● **Information supplied**

-=-=-=-=-

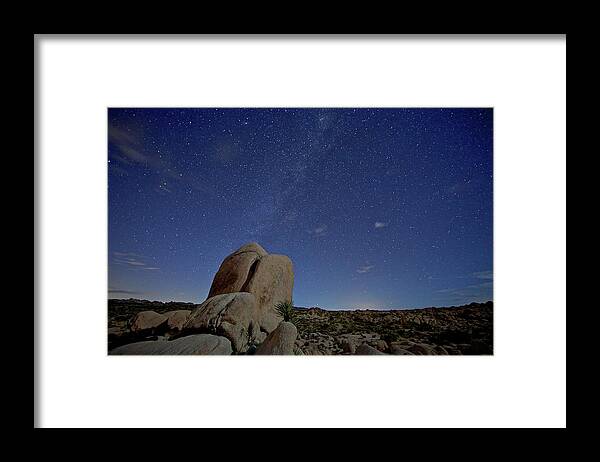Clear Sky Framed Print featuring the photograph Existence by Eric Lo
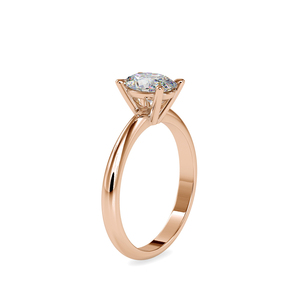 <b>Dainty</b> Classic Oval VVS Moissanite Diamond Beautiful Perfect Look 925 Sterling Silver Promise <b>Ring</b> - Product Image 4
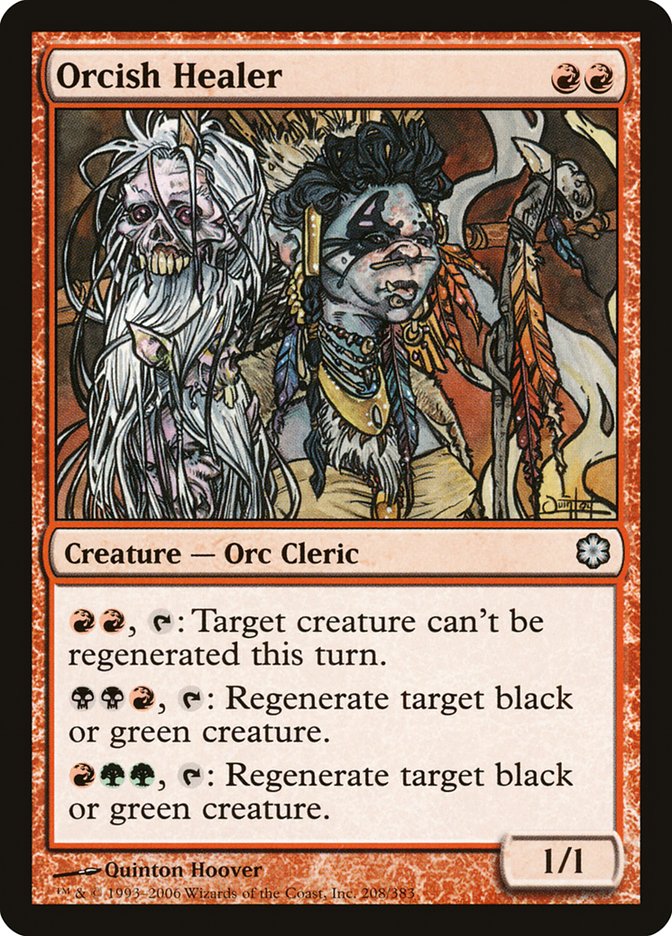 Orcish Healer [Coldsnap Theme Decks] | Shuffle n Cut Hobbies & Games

-=-=-=-=-

● **Aim of the exercise**
The expected answer is the listing above, duplicated exactly, with its pictures removed.

● **Solution for this problem**
Clear Sky Framed Print featuring the photograph Existence by Eric Lo
 <b>Dainty</b> Classic Oval VVS Moissanite Diamond Beautiful Perfect Look 925 Sterling Silver Promise <b>Ring</b> - Product Image 4
 Orcish Healer [Coldsnap Theme Decks] | Shuffle n Cut Hobbies & Games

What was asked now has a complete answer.